Les parties ont été informées le 26 mars 2025, en application de l'article R. 611-7 du code de justice administrative, de ce que la cour était susceptible de fonder son arrêt sur le moyen d'ordre public tiré de l'irrecevabilité des conclusions d'appel de VNF présentées sur le fondement de l'article L. 911-4 du code de justice administrative, dès lors qu'elles soulèvent un litige relevant de la procédure d'exécution.

Des observations à ce moyen d'ordre public ont été produites par VNF le 28 mars 2025 et communiquées.

Vu les autres pièces du dossier.

Vu :

- le code général de la propriété des personnes publiques ;

- le code de justice administrative.

Les parties ont été régulièrement averties du jour de l'audience.

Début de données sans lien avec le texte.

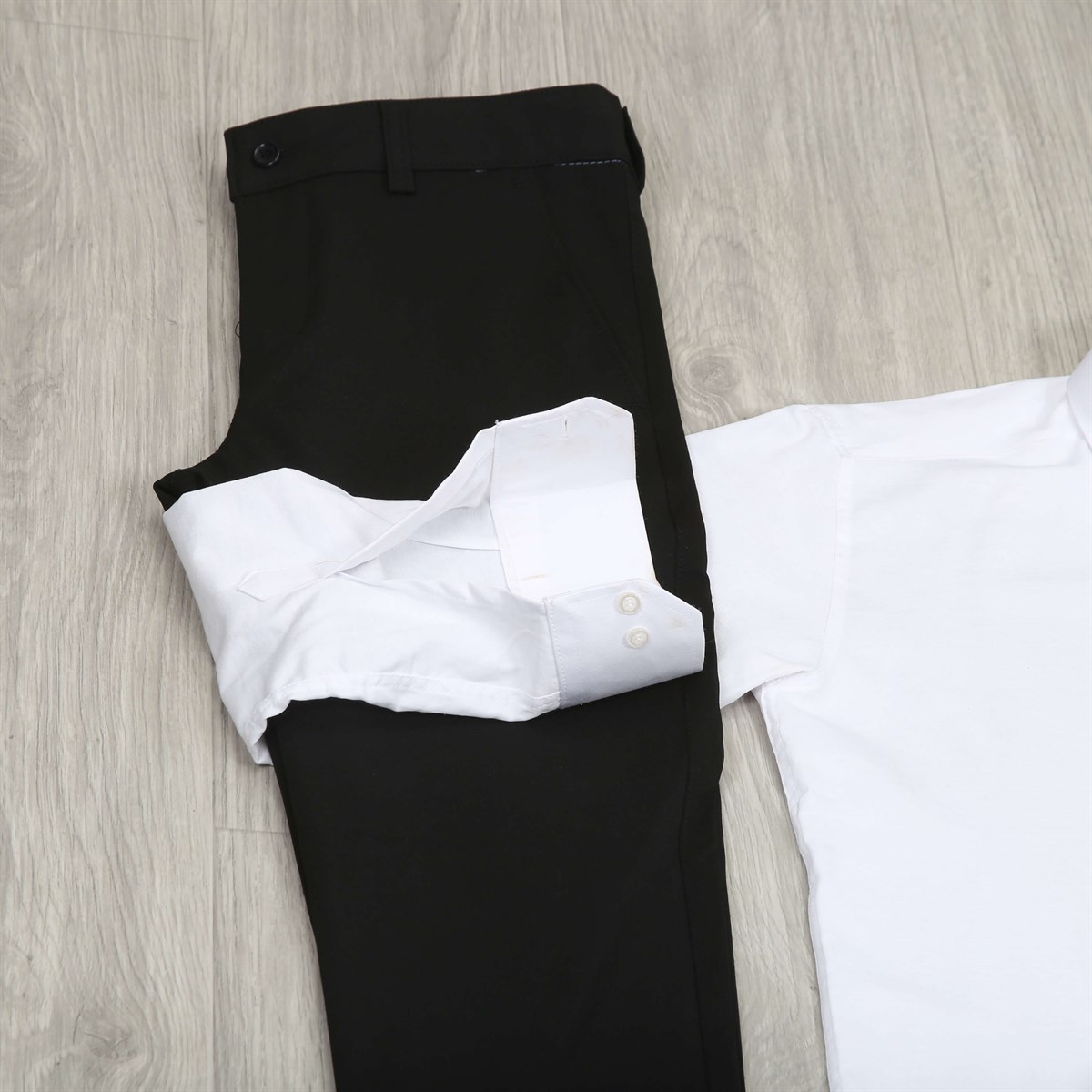 Beyaz Gömlek Siyah Pantolon Kombini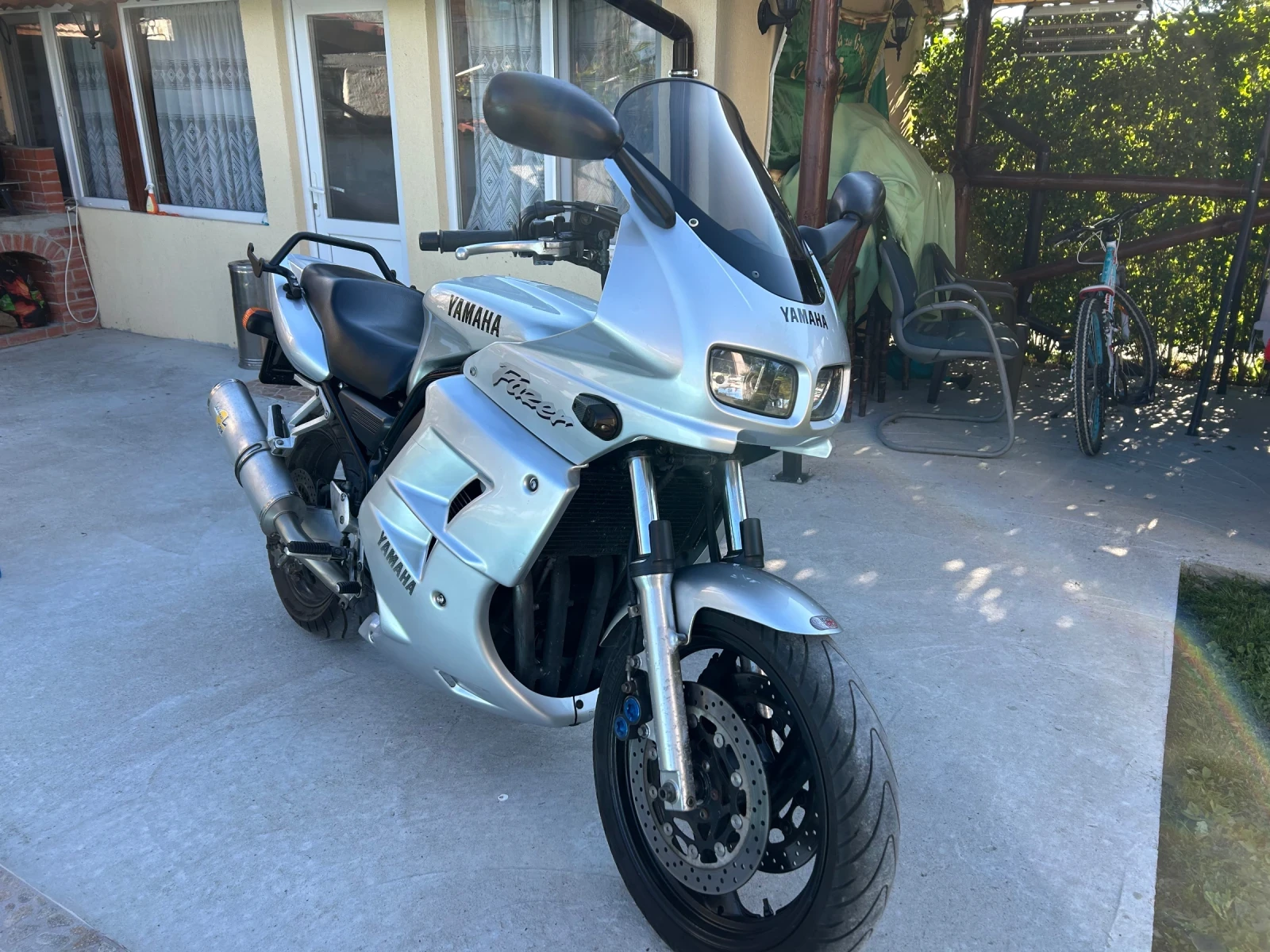 Yamaha FZS 600 Fazer - изображение 6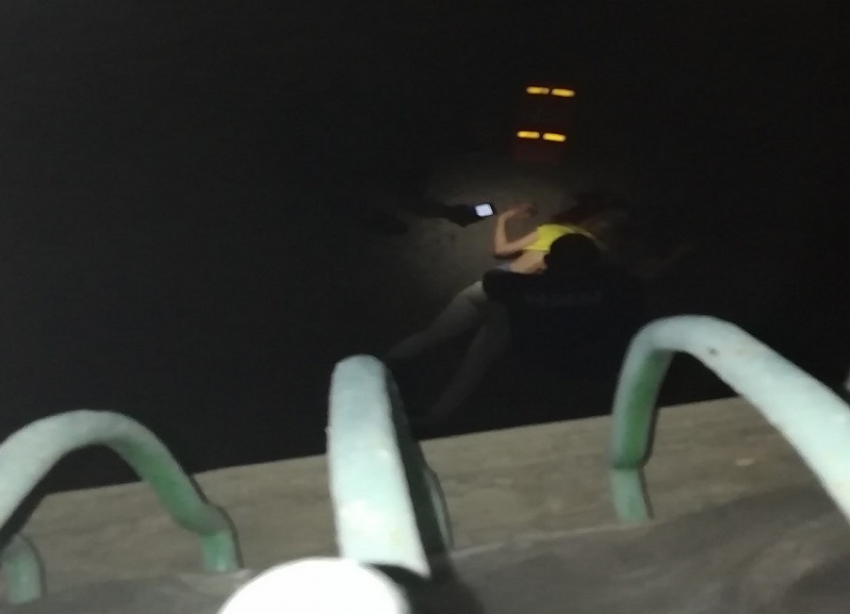 Девушка выпала из окна второго этажа в центре Волгограда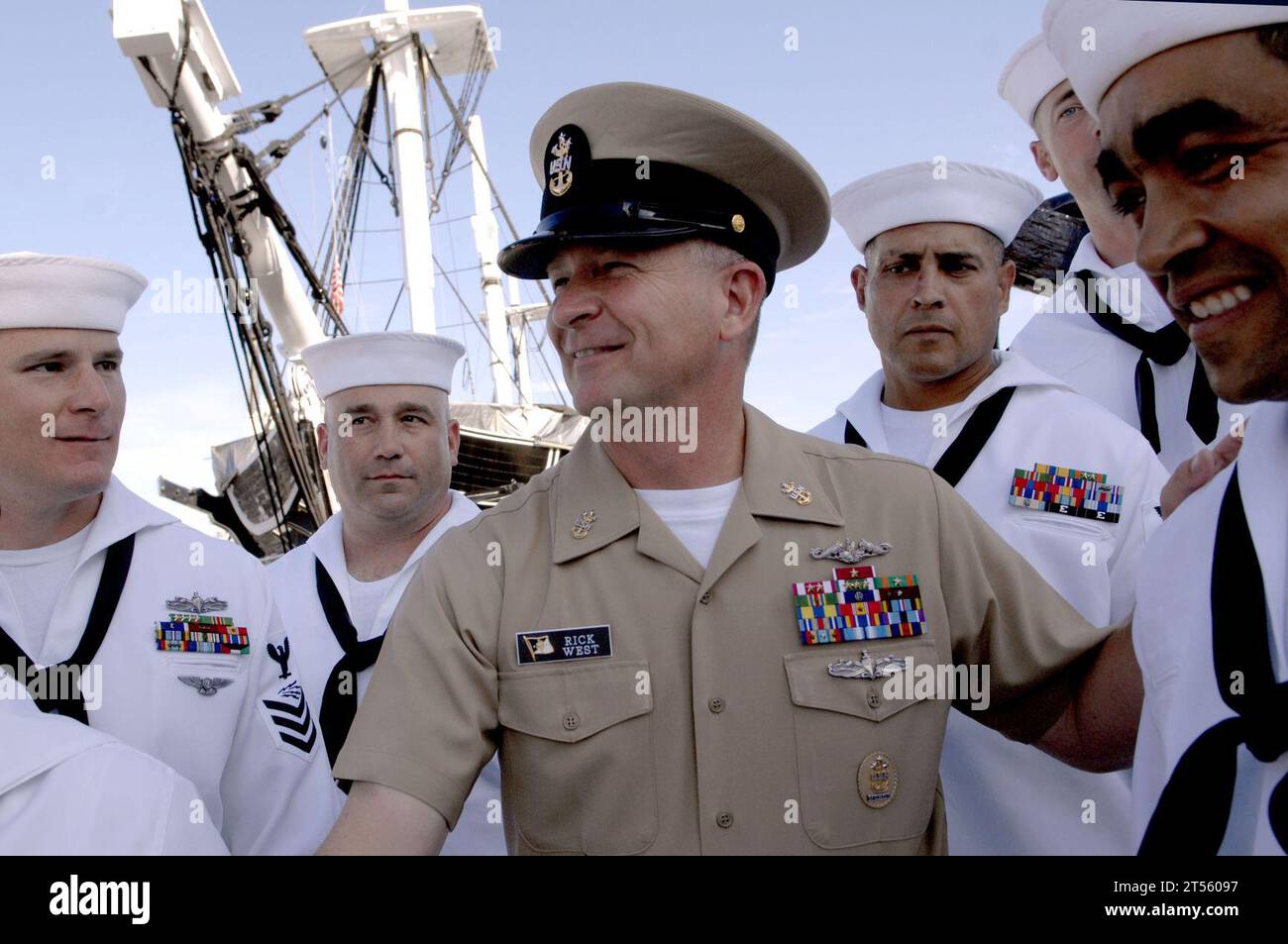 MCPON, Sailors, Uniform, Whites Stock Photo - Alamy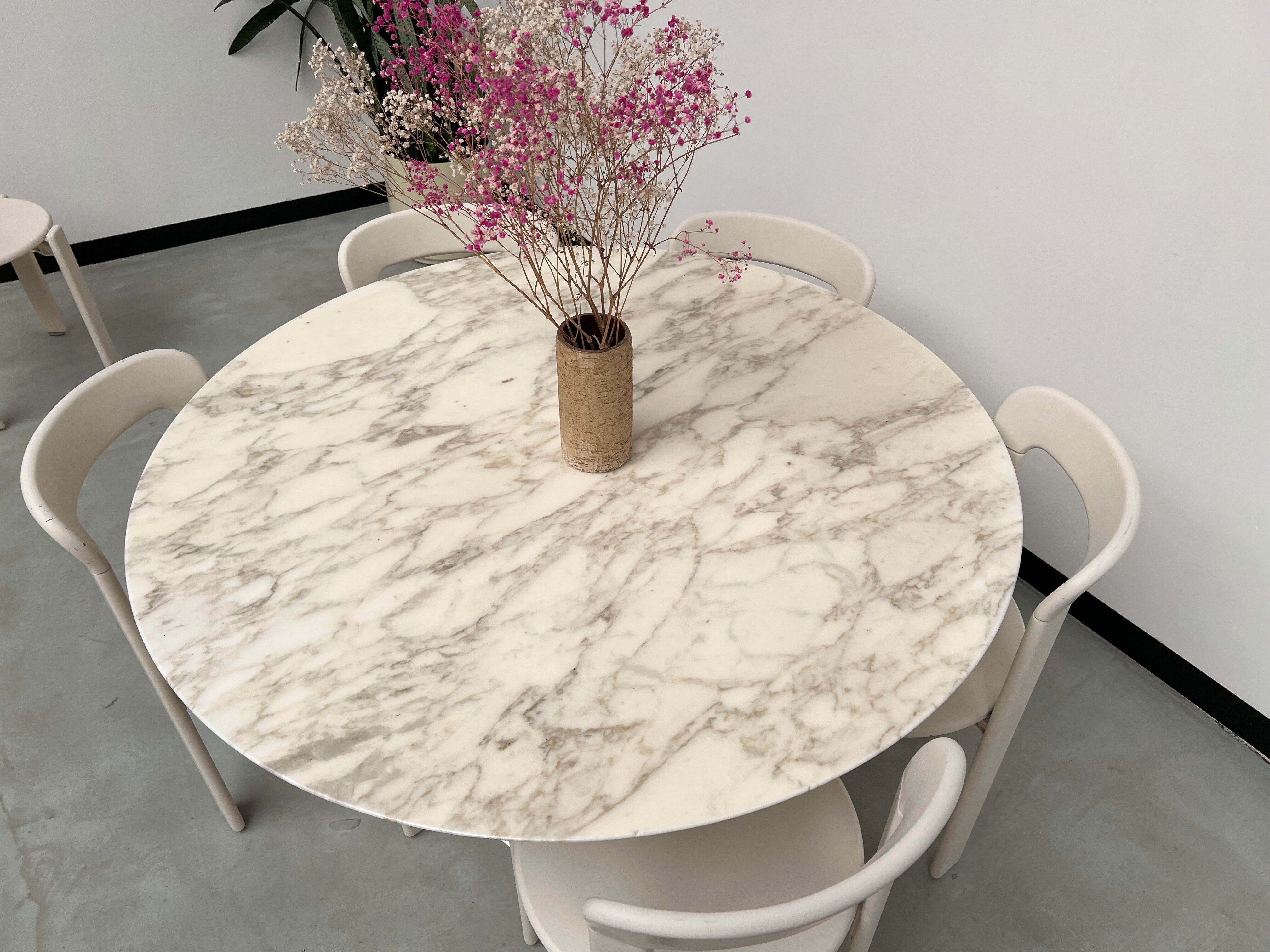 Florence Knoll round table, marble top and tulip base, circa 1960, Eero Saarinen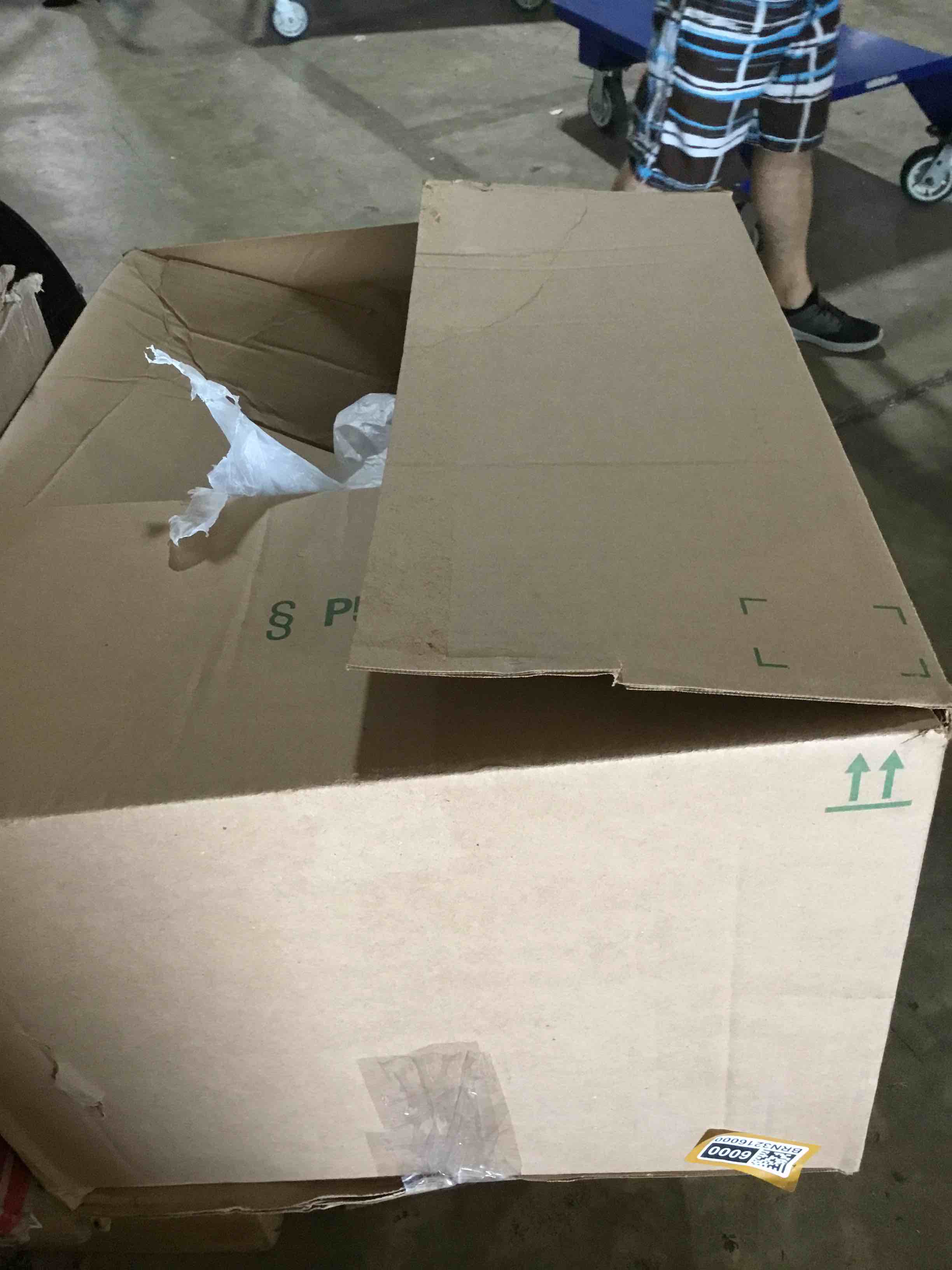 https://s3.amazonaws.com/lotting-images-prod/bidfta/PNK1361591_1753819767905.jpeg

Ont été entendus au cours de l'audience publique :

- le rapport de Mme Roussaux,

- les conclusions de M. Denizot, rapporteur public,

- les observations de Me Coissard, substituant Me Salles, représentant l'établissement public VNF et, à titre exceptionnel, M. A... C..., disposant d'un pouvoir pour représenter son fils M. B... C....

Considérant ce qui suit :

1. M. C..., en sa qualité de propriétaire du bateau " Solvay 79 ", a fait l'objet, le 15 novembre 2017, d'un procès-verbal de grande voirie pour occupation, sans droit ni titre, du domaine public fluvial, en rive gauche du bief 23 du canal de la Marne au Rhin, au sein de la commune de Varangéville. Le 8 octobre 2020, il a fait l'objet d'un second procès-verbal pour dégradation du domaine public fluvial par pollution aux hydrocarbures au bief 23 du même canal. A raison de ces faits, Voies Navigables de France (VNF) a demandé au tribunal administratif de Nancy, par une demande enregistrée sous le numéro 2002713, de condamner M. C..., au titre de l'action publique, au paiement d'une amende de mille euros au titre de la contravention constatée le 8 octobre 2020 et par une seconde demande, enregistrée sous le numéro 2002721, de condamner M. C..., au titre de l'action publique, au paiement d'une amende de deux mille euros et, au titre de l'action domaniale, de l'autoriser à procéder d'office, aux frais de M. C..., au déchirage du bateau " Solvay 79 " et à l'évacuation des débris du domaine public fluvial. VNF sollicite la réformation de l'article 2 du jugement de la magistrate désignée par la présidente du tribunal administratif de Nancy du 25 novembre 2021 en ce qu'il ne prononce pas, en vue de l'exécution du jugement du 30 décembre 2019, la confiscation du bateau " Solvay 79 ".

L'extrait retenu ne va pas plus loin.